Several exceptions were taken to the rulings of the court on the trial, which it is not necessary to mention, because they relate to the laws of the State, over which this court can exercise no jurisdiction upon this writ of error. After the verdict was rendered against him, the plaintiff in error, moved for a new trial. But the motion was overruled by the court. He thereupon offered to prove that he was a citizen of Georgia at the time the suit was instituted in the territorial court, and had continued to be so, and still was a citizen of that State. And this fact being admitted by that opposite party, he moved in arrest of judgment, and that the case be dismissed from the court, with an order to the clerk to transfer the papers to the District Court of the United States for the Northern District of Florida, or hold the papers and proceedings subject to any order of transfer or demand from the said court.
This motion was refused, and judgment entered on the verdict. Whereupon he appealed to the Supreme Court of the State; and the judgment of the Circuit Court being there affirmed, he has brought the case before this court by writ of error.

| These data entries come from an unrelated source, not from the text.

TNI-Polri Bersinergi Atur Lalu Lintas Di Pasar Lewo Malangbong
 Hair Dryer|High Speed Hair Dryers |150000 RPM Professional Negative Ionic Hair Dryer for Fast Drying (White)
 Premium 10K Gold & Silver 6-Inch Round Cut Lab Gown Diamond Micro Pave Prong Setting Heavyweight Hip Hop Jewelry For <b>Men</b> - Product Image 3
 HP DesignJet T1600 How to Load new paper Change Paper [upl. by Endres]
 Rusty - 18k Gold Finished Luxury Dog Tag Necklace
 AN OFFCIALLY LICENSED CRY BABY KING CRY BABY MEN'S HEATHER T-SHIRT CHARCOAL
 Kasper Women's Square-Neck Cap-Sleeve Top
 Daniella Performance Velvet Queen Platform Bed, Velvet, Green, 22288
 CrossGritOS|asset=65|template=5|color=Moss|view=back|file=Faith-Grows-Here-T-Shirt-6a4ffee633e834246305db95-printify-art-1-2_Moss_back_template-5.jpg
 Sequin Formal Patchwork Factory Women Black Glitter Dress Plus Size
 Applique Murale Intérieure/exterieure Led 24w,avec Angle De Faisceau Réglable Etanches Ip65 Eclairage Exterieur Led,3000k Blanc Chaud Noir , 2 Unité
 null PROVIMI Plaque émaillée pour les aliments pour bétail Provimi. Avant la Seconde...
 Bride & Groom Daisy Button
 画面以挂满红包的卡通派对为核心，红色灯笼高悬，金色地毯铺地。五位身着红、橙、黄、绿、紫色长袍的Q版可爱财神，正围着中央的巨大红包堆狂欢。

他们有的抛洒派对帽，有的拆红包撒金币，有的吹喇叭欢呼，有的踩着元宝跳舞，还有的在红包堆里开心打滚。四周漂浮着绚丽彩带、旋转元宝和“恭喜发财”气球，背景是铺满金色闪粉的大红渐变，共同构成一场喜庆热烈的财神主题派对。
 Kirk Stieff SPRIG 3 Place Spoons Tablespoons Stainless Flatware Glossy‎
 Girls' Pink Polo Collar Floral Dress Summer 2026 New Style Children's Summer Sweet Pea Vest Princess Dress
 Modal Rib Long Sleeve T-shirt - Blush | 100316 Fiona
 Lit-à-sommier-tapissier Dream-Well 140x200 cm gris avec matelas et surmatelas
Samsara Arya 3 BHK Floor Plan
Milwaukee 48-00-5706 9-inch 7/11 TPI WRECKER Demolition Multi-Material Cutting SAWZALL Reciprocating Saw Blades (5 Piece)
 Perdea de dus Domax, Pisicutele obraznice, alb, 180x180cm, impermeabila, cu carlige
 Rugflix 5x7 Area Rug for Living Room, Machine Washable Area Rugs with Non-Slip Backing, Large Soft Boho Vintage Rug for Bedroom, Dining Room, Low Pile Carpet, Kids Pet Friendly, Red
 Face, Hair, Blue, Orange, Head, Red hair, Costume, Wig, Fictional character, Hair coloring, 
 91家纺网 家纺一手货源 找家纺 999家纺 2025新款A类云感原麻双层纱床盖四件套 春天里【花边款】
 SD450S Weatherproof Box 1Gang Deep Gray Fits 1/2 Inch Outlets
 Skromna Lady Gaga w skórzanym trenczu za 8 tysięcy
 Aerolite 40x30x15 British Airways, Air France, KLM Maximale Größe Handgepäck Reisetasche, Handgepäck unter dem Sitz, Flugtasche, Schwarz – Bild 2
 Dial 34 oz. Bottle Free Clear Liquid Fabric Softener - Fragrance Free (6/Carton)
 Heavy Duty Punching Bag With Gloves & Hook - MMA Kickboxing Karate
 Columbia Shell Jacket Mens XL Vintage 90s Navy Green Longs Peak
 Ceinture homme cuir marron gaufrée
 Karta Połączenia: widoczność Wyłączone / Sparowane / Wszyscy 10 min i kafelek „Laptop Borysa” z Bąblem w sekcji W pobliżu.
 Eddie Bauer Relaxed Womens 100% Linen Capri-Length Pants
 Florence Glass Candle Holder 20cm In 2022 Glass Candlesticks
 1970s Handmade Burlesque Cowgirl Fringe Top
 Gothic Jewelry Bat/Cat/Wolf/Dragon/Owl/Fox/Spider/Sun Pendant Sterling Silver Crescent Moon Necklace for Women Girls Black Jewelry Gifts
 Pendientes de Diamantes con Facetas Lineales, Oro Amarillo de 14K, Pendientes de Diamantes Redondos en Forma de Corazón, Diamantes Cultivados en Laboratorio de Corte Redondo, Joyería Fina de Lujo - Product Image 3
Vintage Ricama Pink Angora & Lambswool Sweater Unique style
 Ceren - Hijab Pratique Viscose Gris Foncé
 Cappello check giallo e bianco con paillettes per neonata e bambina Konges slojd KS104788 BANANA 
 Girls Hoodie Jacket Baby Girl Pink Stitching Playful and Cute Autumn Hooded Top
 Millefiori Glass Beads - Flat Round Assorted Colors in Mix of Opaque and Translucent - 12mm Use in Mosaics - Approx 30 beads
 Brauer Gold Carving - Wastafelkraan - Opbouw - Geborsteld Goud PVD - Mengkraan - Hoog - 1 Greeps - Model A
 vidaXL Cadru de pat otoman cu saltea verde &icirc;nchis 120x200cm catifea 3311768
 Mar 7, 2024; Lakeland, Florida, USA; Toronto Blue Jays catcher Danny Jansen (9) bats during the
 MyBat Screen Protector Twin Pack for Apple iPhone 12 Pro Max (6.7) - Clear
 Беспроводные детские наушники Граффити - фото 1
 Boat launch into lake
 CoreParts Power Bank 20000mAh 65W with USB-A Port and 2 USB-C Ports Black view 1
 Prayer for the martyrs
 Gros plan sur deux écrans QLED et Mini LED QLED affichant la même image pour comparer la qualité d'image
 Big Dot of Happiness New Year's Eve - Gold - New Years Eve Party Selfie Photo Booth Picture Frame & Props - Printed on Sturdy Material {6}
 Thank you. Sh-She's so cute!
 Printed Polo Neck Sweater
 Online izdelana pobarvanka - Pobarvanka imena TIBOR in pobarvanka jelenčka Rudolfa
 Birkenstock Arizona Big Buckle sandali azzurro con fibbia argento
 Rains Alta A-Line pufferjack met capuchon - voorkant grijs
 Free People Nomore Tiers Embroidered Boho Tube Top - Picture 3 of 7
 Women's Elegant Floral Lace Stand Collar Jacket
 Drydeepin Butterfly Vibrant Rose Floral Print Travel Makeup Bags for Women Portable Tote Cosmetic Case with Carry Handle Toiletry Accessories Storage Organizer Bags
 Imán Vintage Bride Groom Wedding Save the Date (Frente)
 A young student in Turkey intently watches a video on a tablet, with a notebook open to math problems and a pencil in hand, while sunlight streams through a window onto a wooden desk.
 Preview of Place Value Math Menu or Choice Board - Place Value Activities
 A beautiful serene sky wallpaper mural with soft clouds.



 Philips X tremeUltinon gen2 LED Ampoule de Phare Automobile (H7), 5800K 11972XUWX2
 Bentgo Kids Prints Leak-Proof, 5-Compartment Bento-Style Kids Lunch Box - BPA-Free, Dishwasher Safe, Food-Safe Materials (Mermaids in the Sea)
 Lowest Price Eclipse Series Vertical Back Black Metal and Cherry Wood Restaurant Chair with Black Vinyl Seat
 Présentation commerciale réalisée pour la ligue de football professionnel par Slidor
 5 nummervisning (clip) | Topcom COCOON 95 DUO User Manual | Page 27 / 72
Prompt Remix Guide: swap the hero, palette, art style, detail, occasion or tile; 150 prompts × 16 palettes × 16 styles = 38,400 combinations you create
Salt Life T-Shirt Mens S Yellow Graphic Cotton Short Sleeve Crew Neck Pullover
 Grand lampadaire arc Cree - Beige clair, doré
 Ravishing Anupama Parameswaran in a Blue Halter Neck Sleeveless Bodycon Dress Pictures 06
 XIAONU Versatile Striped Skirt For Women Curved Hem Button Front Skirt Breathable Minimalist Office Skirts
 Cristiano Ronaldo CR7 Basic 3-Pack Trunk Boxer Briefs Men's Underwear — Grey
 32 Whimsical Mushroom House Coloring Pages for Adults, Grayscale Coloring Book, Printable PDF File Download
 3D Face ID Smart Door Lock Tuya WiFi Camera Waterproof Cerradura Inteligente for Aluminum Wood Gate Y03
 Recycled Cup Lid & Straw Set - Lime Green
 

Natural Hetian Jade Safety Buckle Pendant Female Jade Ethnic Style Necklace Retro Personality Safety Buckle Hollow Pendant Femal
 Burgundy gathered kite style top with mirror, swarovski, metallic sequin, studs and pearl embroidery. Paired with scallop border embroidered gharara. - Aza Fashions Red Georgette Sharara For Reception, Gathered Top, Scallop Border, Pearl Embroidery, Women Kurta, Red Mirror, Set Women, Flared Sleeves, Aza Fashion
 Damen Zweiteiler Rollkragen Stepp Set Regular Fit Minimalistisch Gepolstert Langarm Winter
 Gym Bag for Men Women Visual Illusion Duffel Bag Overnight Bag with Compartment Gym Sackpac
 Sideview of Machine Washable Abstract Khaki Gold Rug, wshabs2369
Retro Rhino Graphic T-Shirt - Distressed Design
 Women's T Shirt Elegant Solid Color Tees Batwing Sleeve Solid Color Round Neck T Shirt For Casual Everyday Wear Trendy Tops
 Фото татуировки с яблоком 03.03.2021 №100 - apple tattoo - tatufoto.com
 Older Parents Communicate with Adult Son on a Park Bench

In support of this writ the plaintiff in error contends, that as he was a citizen of Georgia at the time the suit was brought in the territorial court, and also when the act of Congress of February 22d, 1847, was passed, the suit was, by operation of that law, transferred to the District Court of the United States for the Northern District of Florida, and that the Circuit Court of the State had no right to take possession of the papers in the case, nor any authority to try and decide it; and that, by moving in arrest of judgment upon this ground, he had claimed a right under a law of the United States; and that, as the decision was against the right claimed, he is entitled to a writ of error under the 25th section of the act of 1789.
Upon this motion to dismiss the writ of error, the construction of the act of Congress of 1847 is not before us. In this stage of the case we are not called on to decide whether this act of Congress did or did not, proprio vigore, transfer the case to the District Court of the United States. The only question presented by the motion is, whether, upon the record before us, we have a right to reverse the judgment of the State Court. And in order to give this court jurisdiction over the judgment of the State court, it must appear by the record that the right now claimed by the plaintiff in error, to remove the case to the District Court of the United States, was so drawn in question in the State court, that it must have been decided in the judgment it has given.
Now, there is nothing in the pleadings to show that Carter was a citizen of Georgia. It is not so stated in the declaration or plea. And when the papers were transmitted to the State court, he appeared there and defended himself upon the plea of the general issue, which he had put in, in the territorial court. This plea admitted the jurisdiction of the court; and the case was tried and the verdict rendered upon these pleadings. And upon a motion in arrest of judgment the court cannot look beyond the record; and the judgment cannot be arrested, unless there is some error in law or defect of jurisdiction apparent in the proceedings. And here there was no error or defect of jurisdiction apparent on the record, even if the construction of the act of 1847, contended for by the plaintiff in error, is the true one. Both parties, by their pleadings, admitted the jurisdiction of the court; and there was no averment, in any part of them, that Carter was a citizen of Georgia. And after a verdict is rendered, the judgment cannot be arrested by the introduction of new evidence on a new fact. It may, in a proper case, lay the foundation of a motion for a new trial, but not in arrest of judgment.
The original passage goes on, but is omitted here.